■ DATA FOR REVIEW ■
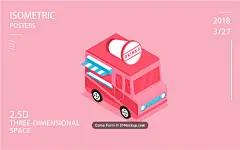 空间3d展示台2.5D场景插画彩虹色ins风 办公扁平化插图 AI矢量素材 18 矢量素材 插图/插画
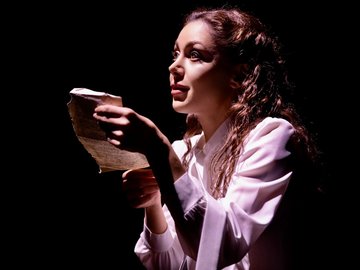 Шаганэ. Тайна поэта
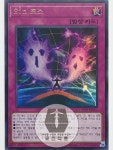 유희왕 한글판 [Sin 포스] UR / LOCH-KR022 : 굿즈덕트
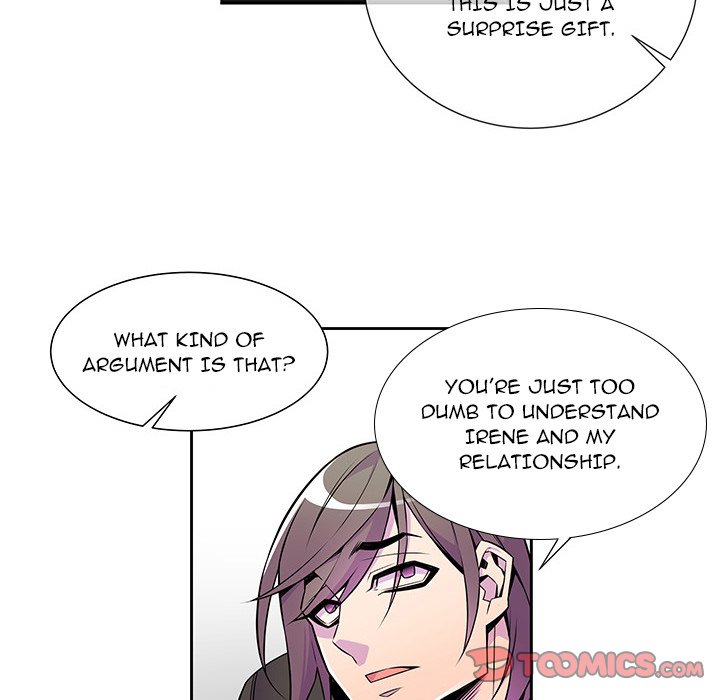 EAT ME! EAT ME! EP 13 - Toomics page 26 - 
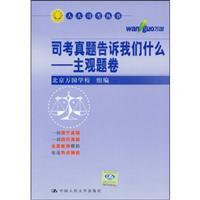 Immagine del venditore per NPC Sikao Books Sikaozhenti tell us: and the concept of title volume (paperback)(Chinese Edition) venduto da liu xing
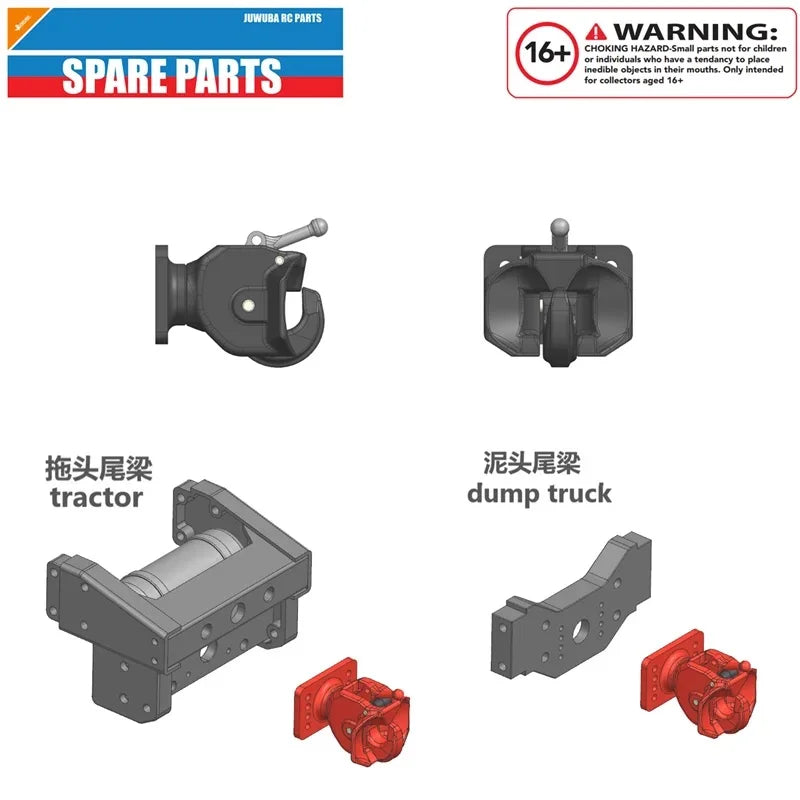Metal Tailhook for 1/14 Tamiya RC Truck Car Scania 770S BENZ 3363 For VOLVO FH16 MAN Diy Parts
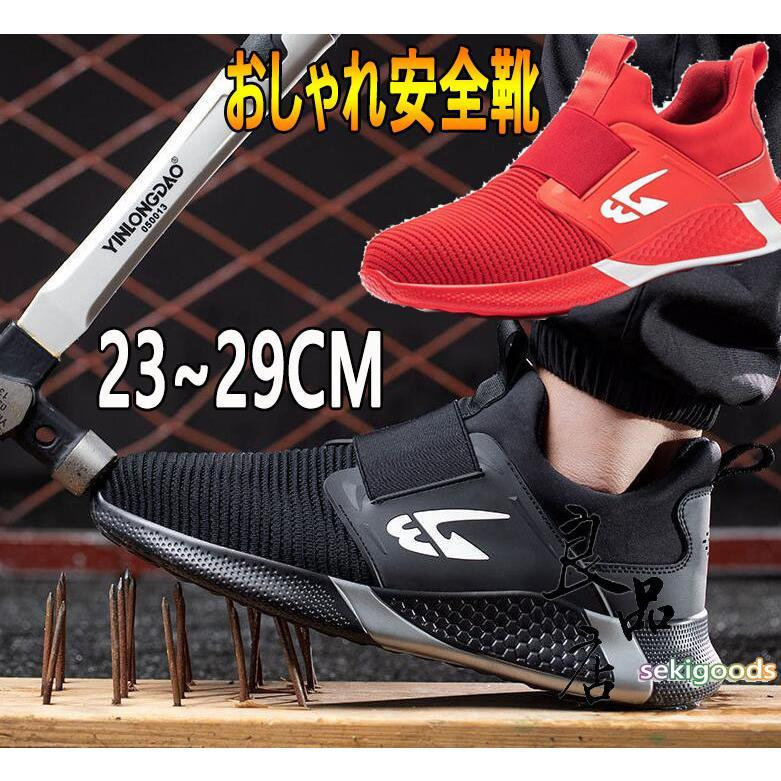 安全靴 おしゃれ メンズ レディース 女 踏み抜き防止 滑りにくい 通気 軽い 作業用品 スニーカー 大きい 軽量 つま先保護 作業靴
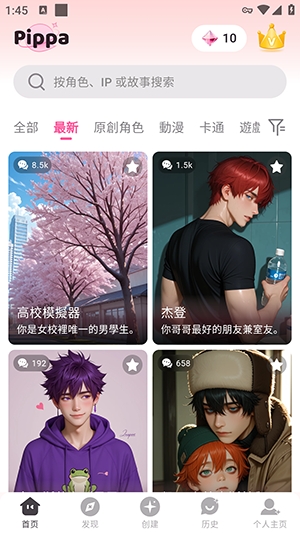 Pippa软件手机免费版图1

■ THE TASK ■
With the pictures left out, copy exactly the lines from the one containing "Immagine del venditore" through the final line of the records above, both included.

■ EXERCISE ANSWER ■
 Immagine del venditore per NPC Sikao Books Sikaozhenti tell us: and the concept of title volume (paperback)(Chinese Edition) venduto da liu xing
Metal Tailhook for 1/14 Tamiya RC Truck Car Scania 770S BENZ 3363 For VOLVO FH16 MAN Diy Parts
 安全靴 おしゃれ メンズ レディース 女 踏み抜き防止 滑りにくい 通気 軽い 作業用品 スニーカー 大きい 軽量 つま先保護 作業靴
 Pippa软件手机免费版图1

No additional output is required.